In the OLAP scenario, the most basic and effective optimization of data storage is to store rows instead of columns. Data compression is a common optimization means in the storage field, and the storage space of data on a disk is greatly reduced by controllable CPU overhead, so that the cost can be saved, and the overhead of cross-thread and cross-node network transmission of I/O and data in a memory can be reduced. Compression algorithms are not as high as possible, and algorithms with high compression ratios tend to have slower compression and decompression speeds, requiring tradeoffs between CPU and I/O depending on hardware configuration and usage scenarios. Data encoding may be understood as lightweight compression, including RLE and data dictionary encoding, among others. In the column storage mode, the efficiency of data compression and encoding is much higher than in the row storage mode.

When the OLAP system accesses a large amount of data, the OLAP system is limited by a data storage mode, common query data and non-common data cannot be distinguished, different resources occupied by different query operations are not optimized uniformly, and query efficiency cannot be improved according to the real-time query state of mass data.

In view of the above, it is necessary to provide a new data query method to solve the above problems.

Disclosure of Invention

The invention aims to provide a data query method to solve the problem that the existing data storage system cannot improve the query efficiency according to the real-time query condition of mass data.

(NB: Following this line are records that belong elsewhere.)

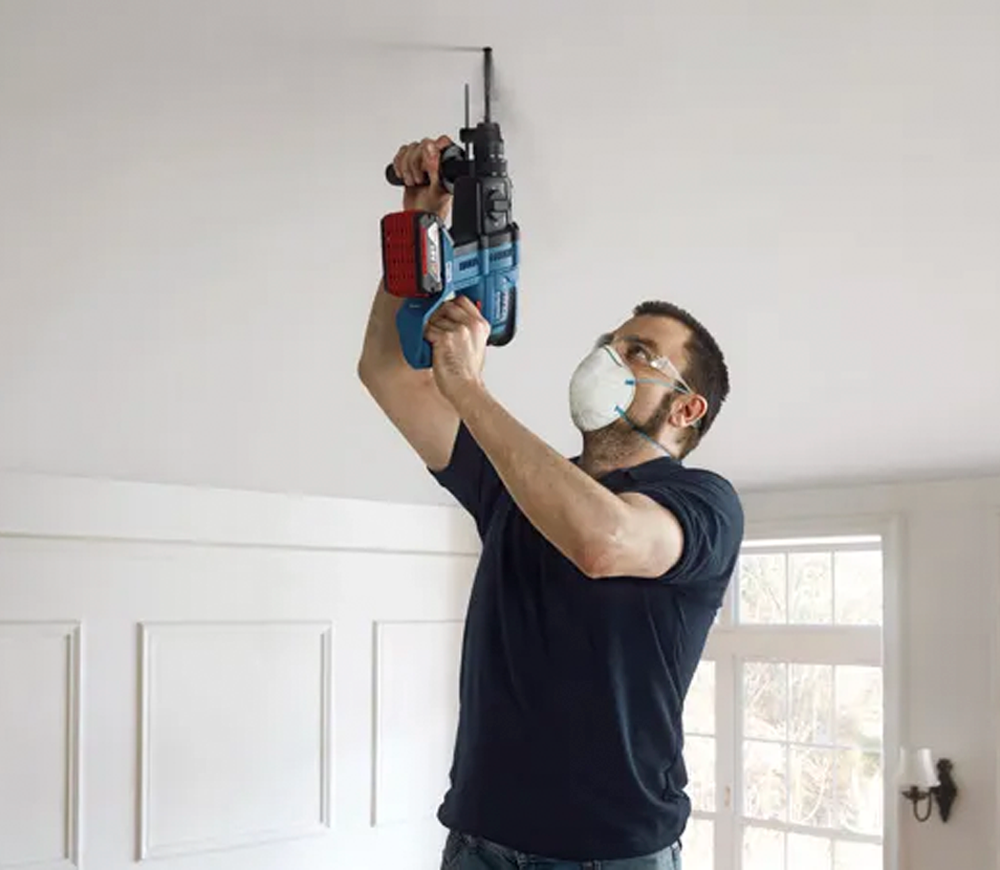 Перфоратор аккумуляторный BOSCH GBH 18V-21 (Solo) 2Дж 18В photo 2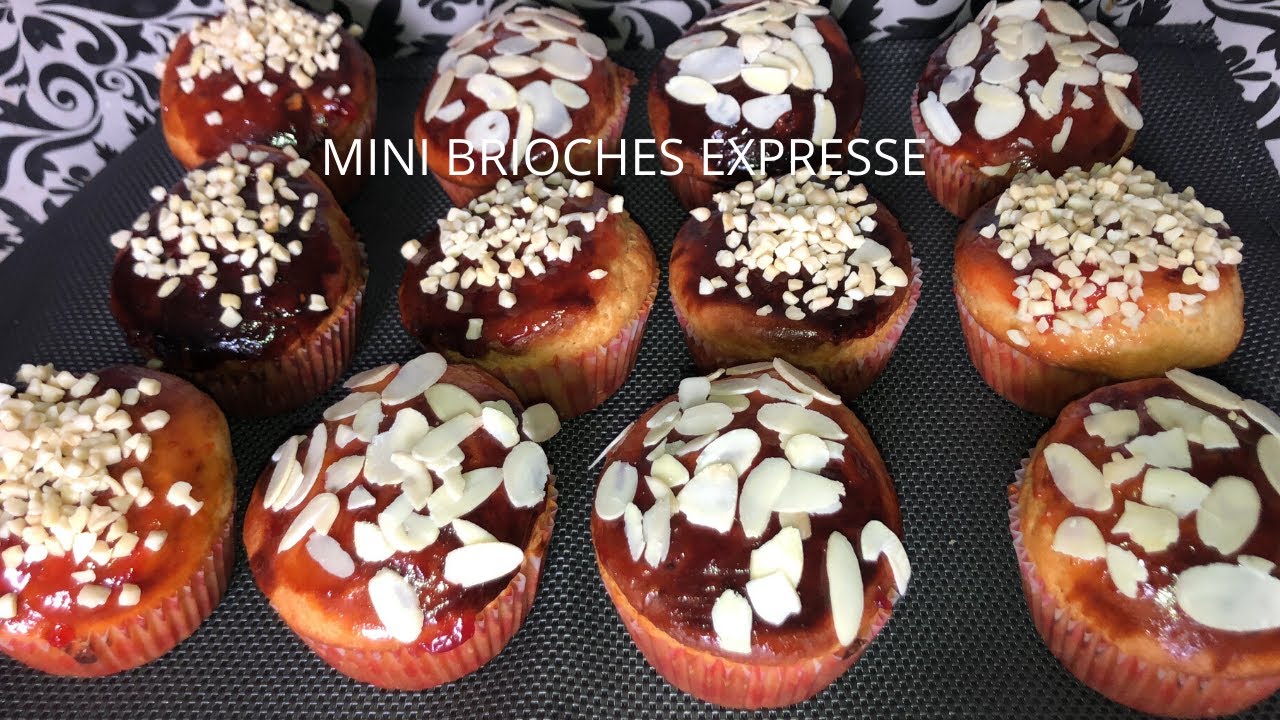 brioches expresse hyper moelleuses et super bonnes /mini brioches - YouTube brioches expresse hyper moelleuses et super bonnes /mini brioches - YouTube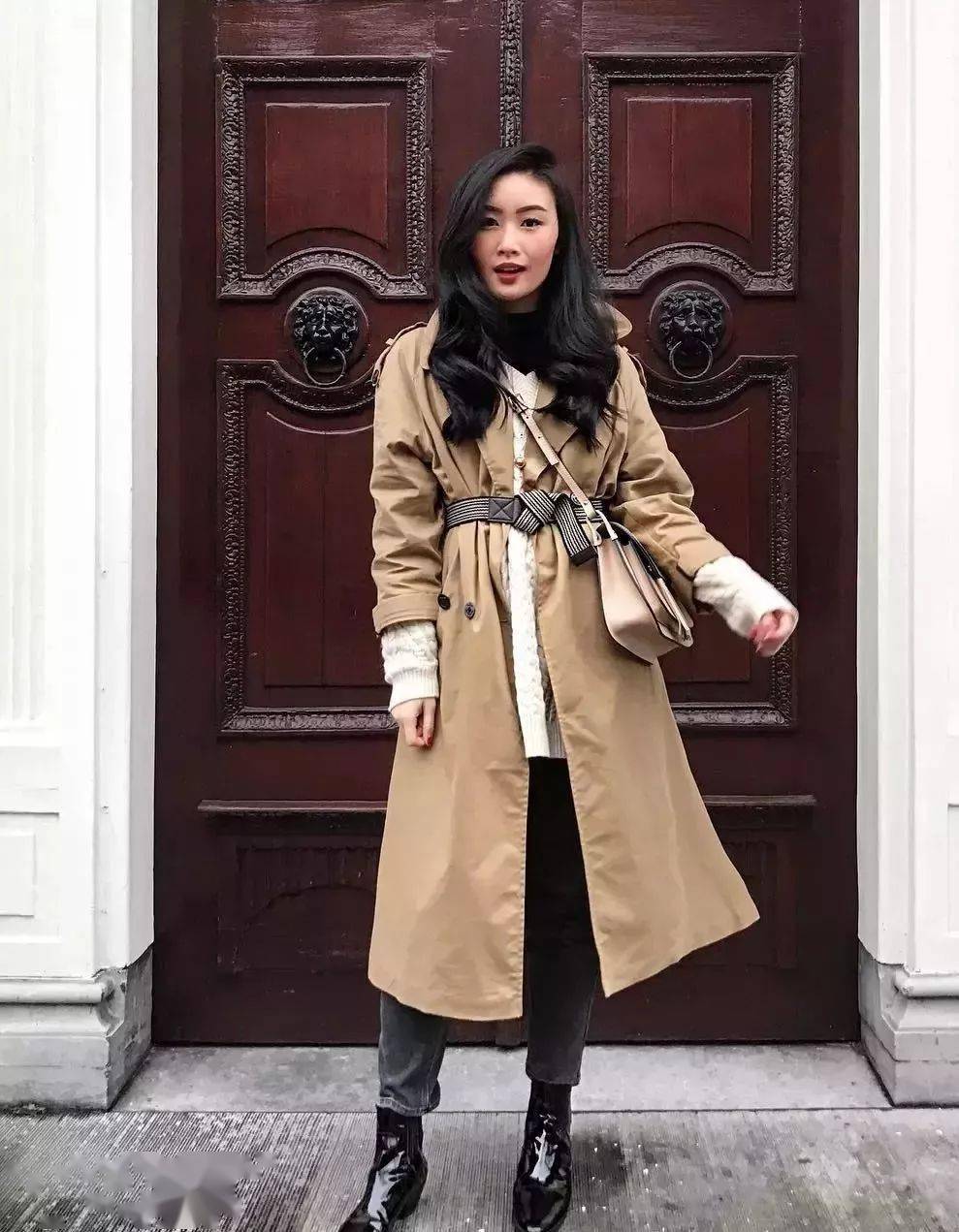 风格|国外小个子穿搭博主，跟着她们学一样有大长腿！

In order to achieve the above object, the present invention provides a data query method, which is applied to a self-adaptive optimization retrieval performance database for big data storage, wherein the self-adaptive optimization retrieval performance database comprises a query module, a cache module, an optimization module and a storage module, and the data query method mainly comprises the following steps:

step 1: inputting a query request, and receiving and analyzing the query request by a query module to obtain a query condition;

step 2: judging whether the same query conditions exist in the cache module, if so, directly obtaining a query result from the cache module, and if not, entering the step 3;

and step 3: adjusting the query resources distributed to each block of data in the storage module by the query module according to the reward and punishment function of the optimization module, and querying to obtain a query result;

and 4, step 4: recording the information of each inquired block data in the inquiry process, wherein the information comprises inquiry conditions, inquiry time and inquiry results, and combining the inquiry conditions, the inquiry time and the inquiry results into an inquiry result set;

and 5: caching the query conditions and the query results into a cache module;

wherein, the optimization module evaluates through a reward and punishment function in the step 3The weight alpha of the partition data i in the query process is calculated, and the information entropy of the query instruction is calculated

Wherein p is _i For inquiry instruction a _m Entropy of information in class i, j denotes a _m There are j categories in total, and then the conditional information entropy of each query resource is calculated

In which resources r are queried _n The total of k different attribute values, query resource r _n ＝{r _n1 ,r _n2 ,…r _nk }，E(a _m |r _n ) To query a resource r _n Lower a _m The conditional information entropy of the query instruction is calculated, and then the information gain G of the n query resources for the m query instructions is calculated _m (r _n )＝I(a _m )-E(a _m |r _n ) Finally, the mth query instruction is obtained by normalization to query the resource r _n Weight of (2)

Adjusting the query resources distributed to each block data in real time when the query module queries according to the weight alpha of the block data i, wherein the reward and punishment function is specifically as follows:

wherein n represents a total of n block data, E (d) represents a time complexity average value at the time of block data query, d _i And the time complexity of inquiring the block data i is represented, lambda is a penalty coefficient, and alpha is the weight of the block data i.

As a further improvement of the present invention, the adaptive optimization search performance database further includes an index module that records blocking information of each block data, and step 3 specifically includes:

step 31: concurrently executing filtering of the feature information of the blocks in the query condition to the index module, and summarizing and filtering the obtained feature block data to be queried;

step 32: the feature block data to be inquired are screened in a multithread concurrent execution mode to the storage module, and row indexes of screened screening blocks are obtained;

step 33: and returning a query result.

As a further improvement of the present invention, in step 3, when the weight α of the block data in the reward and punishment function is greater than 1, the forward allocation weight formula of the query resource is as follows:

wherein, w _mn Querying resource r for mth query instruction _n The weight of (c).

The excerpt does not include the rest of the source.